Exercise ▸ Leave the pictures out and return every line below exactly.

Information provided ▸
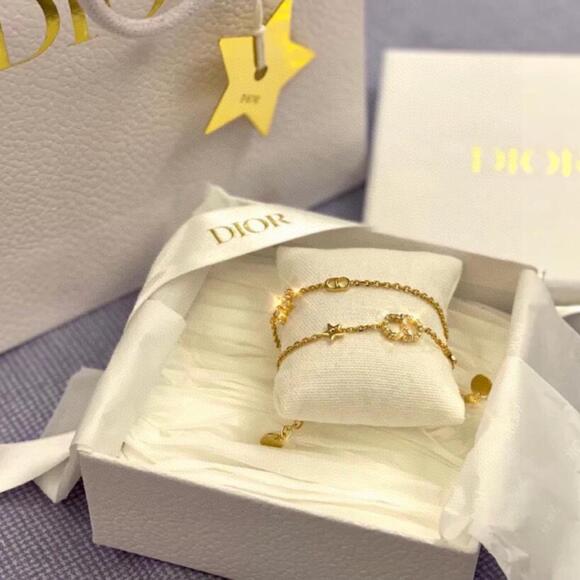 Christian Dior Clair D Lune Bracelet Set - Picture 1 of 7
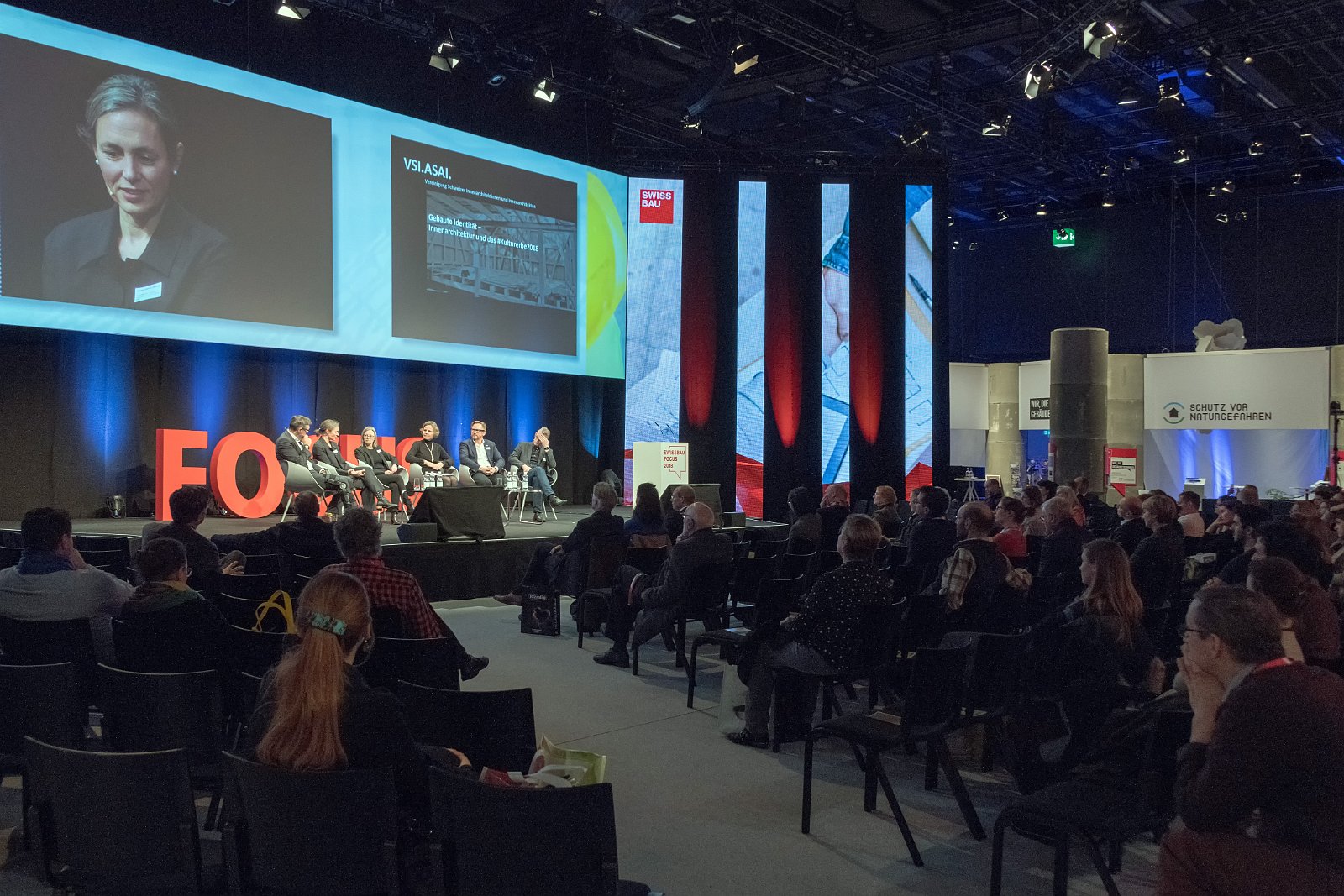 VSI.ASAI - Swissbau Basel - Innenarchitektur und das Kulturerbe 2018 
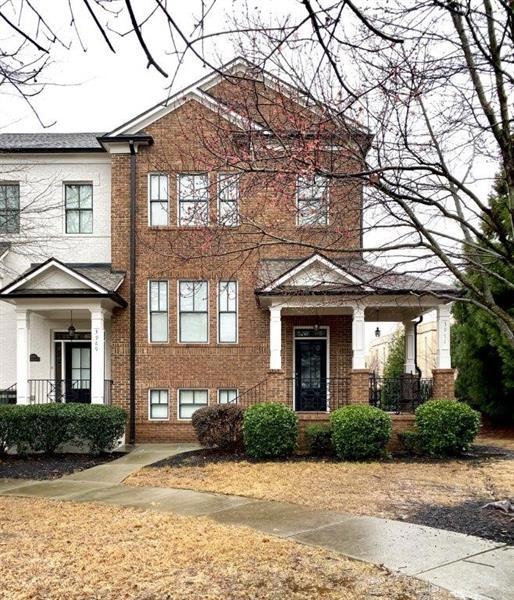 Welcome home to the beautiful end unit in sought a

Exercise answer ▸
 Christian Dior Clair D Lune Bracelet Set - Picture 1 of 7
 VSI.ASAI - Swissbau Basel - Innenarchitektur und das Kulturerbe 2018 
 Welcome home to the beautiful end unit in sought a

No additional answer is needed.